Tyson cast a glance at me as he continued spraying the fire. He said something, but I couldn’t make it out with the roar of the flames and his elbow covering his nose and mouth.
“What?” I shouted.
“We should wait for the fire department,” he repeated.
I shook my head. “He could be dead by the time they get here!”
“We’re not risking our lives for him,” Tyson said.
I drew back, shocked. “We have to try.”
“He’s put us in a very bad situation. We’re better off without him.”
It was true, we were under Ian’s thumb, running the sales deflation program constantly to be able to pay him the cash he demanded. But it had never occurred to me not to save him.
“I’m not letting him die,” I said. “And I will never speak to you again if you do.”
When I reached the back of the trailer, I saw Andie standing on the chair, struggling to pull herself up on the window frame. I came up behind her and hoisted her into the open window.
“Use your shirt like a mask,” I called out to her as I placed my hands on the windowsill and struggled to lift myself up.
I’d gotten my chin and shoulders through when Tyson showed up. “We’re gonna regret this,” he said, giving me a boost from behind.
Andie was already tugging on Ian, her shirt covering her nose, whenI dropped through the window onto the mattress. The room was thick with smoke as I pulled my own shirt up over my nose, my eyes stinging.
I took Ian’s wrist in my hand, placing two fingers over his pulse. It was weak, but present. “He’s alive,” I said, slapping him across the face.
He didn’t wake. I slapped him again, to no avail, as Tyson came through the window.
“How are we gonna get him out?” Andie asked.
“We can prop him by the window, then you and I can push him out,” I said to Andie. “Tyson will be outside to catch him.”
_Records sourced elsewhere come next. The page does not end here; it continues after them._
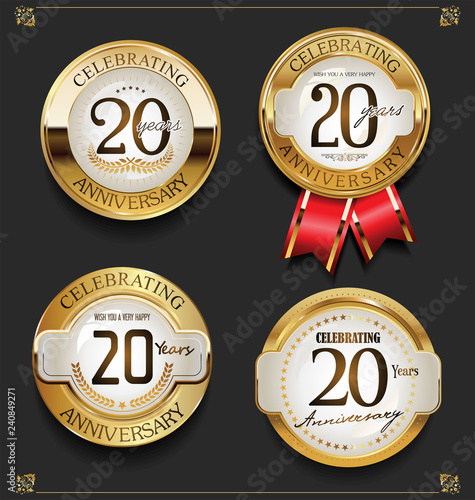 Collection of Elegant golden anniversary background 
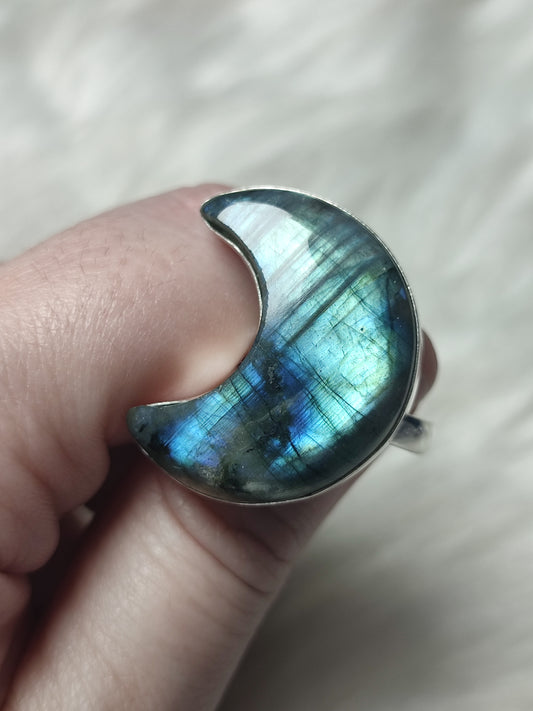 Anillo luna baño de plata con labradorita - Ajustable B26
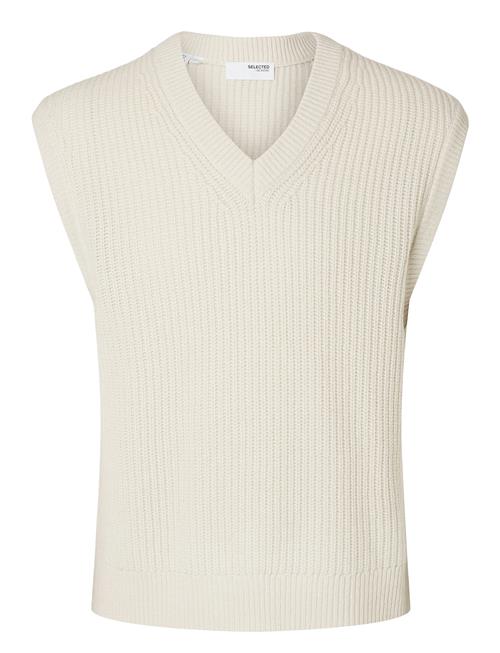 Selected Homme Slhland Sl Knit Relaxed Waistcoat Selected Homme Cream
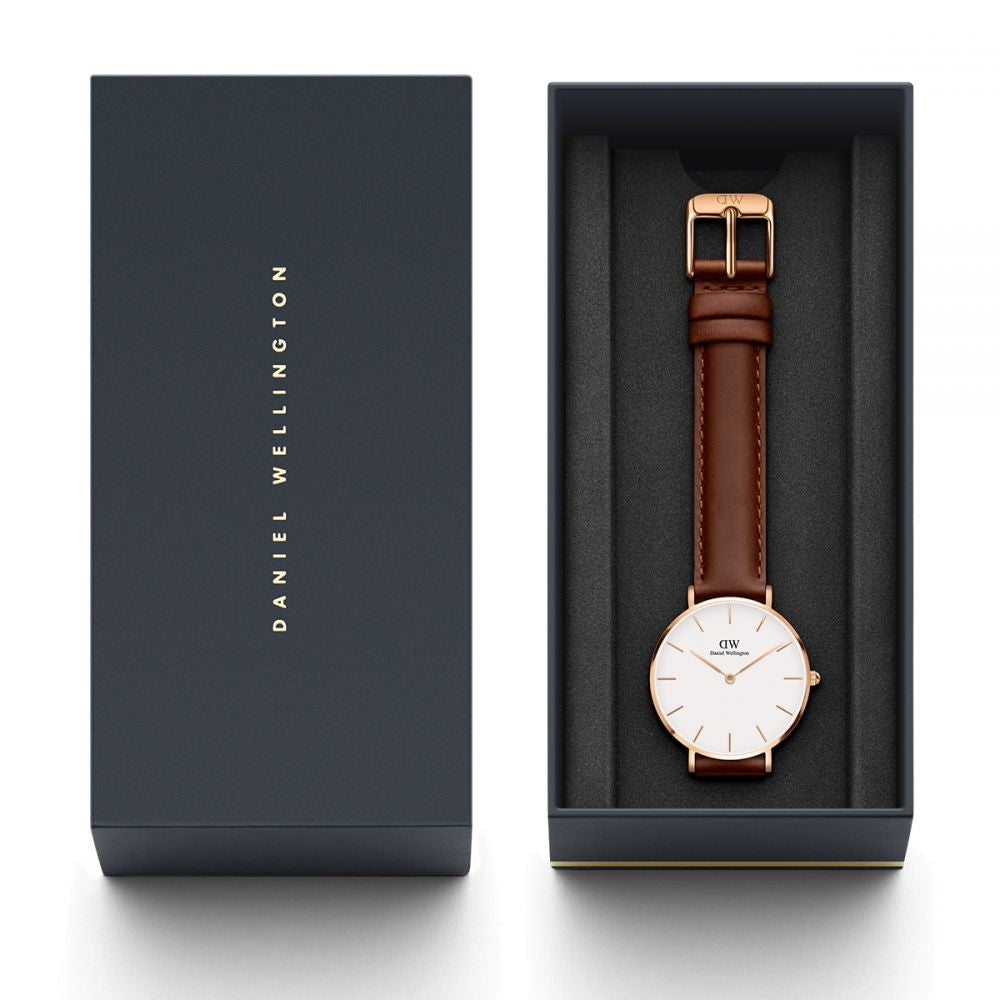 Daniel Wellington St. Mawes 28mm White Dial Brown Genuine Leather Women's Watch - DW00100175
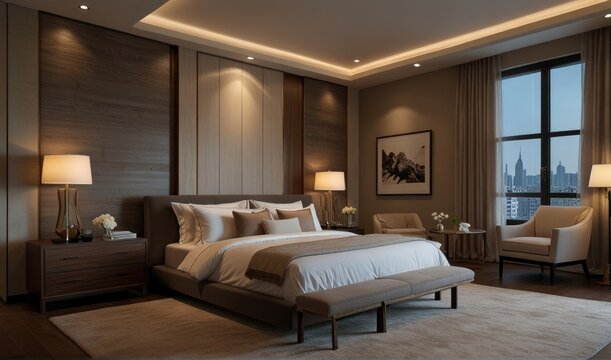 Luxury interior idea of a bedroom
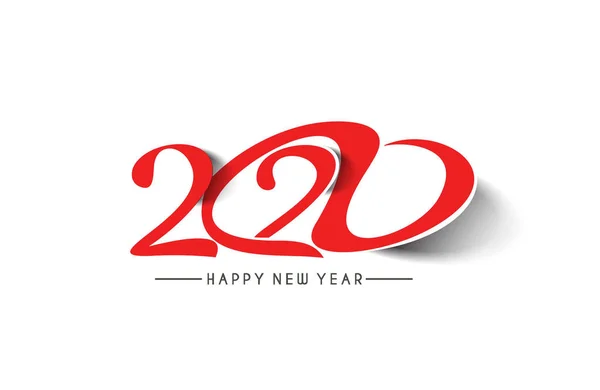 Felice anno nuovo 2020 Testo Tipografia Design Patter, Vector illust — Vettoriale Stock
Tyson nodded grimly, already hooking his arms under Ian’s armpits. He dragged him across the bed, set him up by the window, then went out backward. “Okay,” he said. “Pass him to me.”
I grabbed one foot and she grabbed the other and we pulled until his legs were dangling out the window. “Okay,” I called to Tyson, coughing.
Andie and I lifted Ian and gave a push.
He was stuck on the frame and then in an instant, his weight shifted, and he was gone, ripped from our hands by gravity. Andie cried out as he fell on top of Tyson, knocking them both to the ground.
I turned to gesture for her to go out first, but she was rummaging through the closet. “Come on,” I called. “We need to get out of here.”